La salsa viene de la mano de los ataques especiales, un surtido de jugarretas y trucos de teleportación que permite desplazarse por el escenario a velocidad de vértigo, realizar ejecuciones en sigilo o alcanzar posiciones ventajosas, aunque habrá que andarse con ojo: todo el chiringuito está sustentado por los acostumbrados puntos de magia, que en esta ocasión recuperaremos cubriéndonos o retirándonos a puntos elevados, es decir, escondiéndonos como unos miserables mientras nuestros compañeros soportan el chaparrón. No será el único papel que cumplan: tras rellenar el medidor correspondiente podremos acudir a ellos para solicitar un movimiento especial, momento en el que dejaremos de chupar cámara y el juego nos compensará con unos cuantos segundos de invencibilidad. La cosa evidentemente no queda aquí, y hay espacio para ataques combinados y demás filigranas, pero como base se trata de un sistema satisfactorio, me atrevería a decir que elegante, que no revoluciona nada pero da pie a enfrentamientos interesantes y nunca se convierte en una carga.

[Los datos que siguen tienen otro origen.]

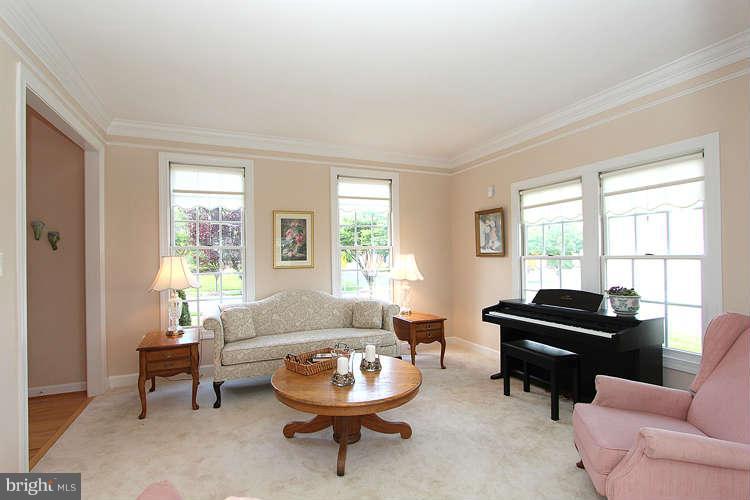 13926 Bromfield Road Germantown, MD 20874 - Photo 3 of 30 Living Room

Si acaso, destacaría la nueva gestión de la magia, que pasa de la tradicional barra libre de hechizos al uso a un sistema que los convierte en objetos físicos basados en recursos recolectables: algo así como granadas arcanas que mezclan fuego y relámpago, que se equipan en los mismos slots que las armas y que requieren patearse medio mundo recolectando vetas de mineral. Como digo, puede que la saga esté comenzando a acusar la influencia de ciertas malas compañías.
Y en cuanto a los gráficos, pues qué queréis que os diga: habéis visto los vídeos, poco más se puede añadir. Que el juego luce espectacular no creo que pille a nadie de sorpresa, aunque las voces que hablan de framerates un tanto díscolos y otras aristas no del todo redondeadas no faltan a la verdad. Por eso creo que la situación dicta prudencia: el juego acaba de retrasarse, y aunque cabe preguntase si asuntos como la distancia de dibujado tienen margen de maniobra, entiendo que la decisión no se ha tomado porque sí. Con todo, sí me gustaría detenerme en el tema para plantear una pequeña reflexión final: la de un juego que reproduce con más detalle un plato de patatas fritas que a cualquiera de sus protagonistas. Podría sonar a broma, pero creo que detrás de esto hay un mensaje poderosísimo; uno que habla del encanto de las cosas sencillas y de dejarse llevar. De disfrutar de los pequeños placeres, en definitiva. Y encerrarse en casa un domingo por la tarde para empezar un nuevo Final Fantasy, otro más, no es en absoluto de los más frecuentes.